This is a simple PoC for integrating Apache Kudu and Apache Flink. Main goal is to be able to read/write data from/to Kudu using the DataSet and DataStream APIs. Data flows patterns:
- Batch
- Kudu -> DataSet<RowSerializable> -> Kudu
- Kudu -> DataSet<RowSerializable> -> other source
- Other source -> DataSet<RowSerializable> -> other source
- Stream
- Other source -> DataStream <RowSerializable> -> Kudu
/* Batch mode */
ExecutionEnvironment env = ExecutionEnvironment.getExecutionEnvironment();
KuduInputFormat ksource = new KuduInputFormat(SOURCE_TABLE, KUDU_MASTER);
TypeInformation<RowSerializable> typeInformation = TypeInformation.of(RowSerializable.class);
DataSet<RowSerializable> input = env.createInput(ksource, typeInformation);
input.output(new KuduOutputFormat(KUDU_MASTER, DEST_TABLE, columnNames, KuduOutputFormat.CREATE));
/* Streaming mode */
StreamExecutionEnvironment env = StreamExecutionEnvironment.getExecutionEnvironment();
DataStream<String> stream = env.fromElements("data1 data2 data3");
DataStream<RowSerializable> stream2 = stream.map(new MapToRowSerializable());
stream2.addSink(new KuduSink(KUDU_MASTER, DEST_TABLE, columnNames));
- Sink implementation for Batch Processing and example job.

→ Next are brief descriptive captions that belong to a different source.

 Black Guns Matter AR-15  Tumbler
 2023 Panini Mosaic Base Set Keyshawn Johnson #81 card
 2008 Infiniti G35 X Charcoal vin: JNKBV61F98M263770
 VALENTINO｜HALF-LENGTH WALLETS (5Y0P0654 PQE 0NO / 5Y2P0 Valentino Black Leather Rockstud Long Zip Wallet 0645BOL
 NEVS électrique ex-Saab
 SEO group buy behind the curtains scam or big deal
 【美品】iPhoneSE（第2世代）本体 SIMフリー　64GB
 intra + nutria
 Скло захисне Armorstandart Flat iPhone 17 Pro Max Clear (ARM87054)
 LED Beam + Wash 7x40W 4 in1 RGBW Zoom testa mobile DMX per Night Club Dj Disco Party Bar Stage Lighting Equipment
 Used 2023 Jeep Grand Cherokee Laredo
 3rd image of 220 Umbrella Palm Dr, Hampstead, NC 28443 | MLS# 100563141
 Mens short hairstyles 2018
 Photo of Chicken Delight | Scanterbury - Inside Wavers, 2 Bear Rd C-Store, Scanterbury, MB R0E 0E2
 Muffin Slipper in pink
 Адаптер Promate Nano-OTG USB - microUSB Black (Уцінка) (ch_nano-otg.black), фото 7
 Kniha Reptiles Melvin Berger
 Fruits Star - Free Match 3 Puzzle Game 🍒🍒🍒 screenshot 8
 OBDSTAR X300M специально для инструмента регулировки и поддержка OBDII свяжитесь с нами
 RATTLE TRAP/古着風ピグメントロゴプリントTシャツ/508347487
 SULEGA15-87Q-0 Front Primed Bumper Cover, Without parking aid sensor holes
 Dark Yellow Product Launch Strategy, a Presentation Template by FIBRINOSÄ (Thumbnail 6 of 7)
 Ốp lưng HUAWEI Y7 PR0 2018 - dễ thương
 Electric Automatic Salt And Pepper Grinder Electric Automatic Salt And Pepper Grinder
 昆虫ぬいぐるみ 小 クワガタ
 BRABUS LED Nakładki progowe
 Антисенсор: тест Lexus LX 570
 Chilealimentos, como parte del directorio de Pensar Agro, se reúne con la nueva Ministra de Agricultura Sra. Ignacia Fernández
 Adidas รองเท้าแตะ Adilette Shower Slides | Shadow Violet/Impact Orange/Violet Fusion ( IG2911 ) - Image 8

- Sink implementation for Streaming Processing and example job.
- Source implementation for Batch Processing and example job.
- Kafka integration in example job
- Unit Tests for Batch Processing.
- Unit Tests for Streaming Processing.
- Flink and Kudu compatible OS
- Scala (version 2.12.1)
- Apache Flink (version 1.1.3)
- Apache Kudu (version 1.2.0)
- Apache Kafka (version 0.10.1.1)
- Maven (version 3.3.9)
- Java (version 8)
git clone https://github.com/rubencasado/Flink-Kudu.git
cd Flink-Kudu
mvn clean install -DskipTests
mvn package -DskipTests
Generated JAR will be located at "Flink-Kudu / target / flink-kudu-1.0-SNAPSHOT.jar"
First of all, must start Flink Job Manager
<Flink-installation-folder>/bin/start-local.sh
Now we are able to submit the jobs.
<Flink-instalation-folder>/bin/flink run -c <Job-package-path> target/flink-kudu-1.0-SNAPSHOT.jar param1 param2 ...
For example:
/opt/flink-1.1.3/bin/flink run -c es.accenture.flink.Job.JobBatchSink target/flink-kudu-1.0-SNAPSHOT.jar mytable CREATE localhost
Included examples
-
JobBatchSink (es.accenture.flink.Job.JobBatchSink): Saves data from a DataSet into a Kudu table(DataSet API, Batch Mode). Input parameters: table_name, table_mode (CREATE, APPEND or OVERRIDE) and host.
-
JobSource (es.accenture.flink.Job.JobSource): Reads data from a Kudu table and prints the information (DataSet API, Batch Mode).
-
JobBatchInputOutput (es.accenture.flink.Job.JobBatchInputOutput): Reads data from a Kudu table, executes some basic operations using DataSet API and save the result into a Kudu table(DataSet API, Batch Mode).
-
JobStreamingInputOutput (es.accenture.flink.Job.JobStreamingInputOutput): Reads data from Kafka, executes some basic operations using DataStream API and saves results into a Kudu table (DataStream API, Streaming Mode).
-
JobStreamingSink (es.accenture.flink.Job.JobStreamingSink): Saves data from a DataStream into a Kudu table (DataStream API, Streaming Mode). Input parameters: table_name and host.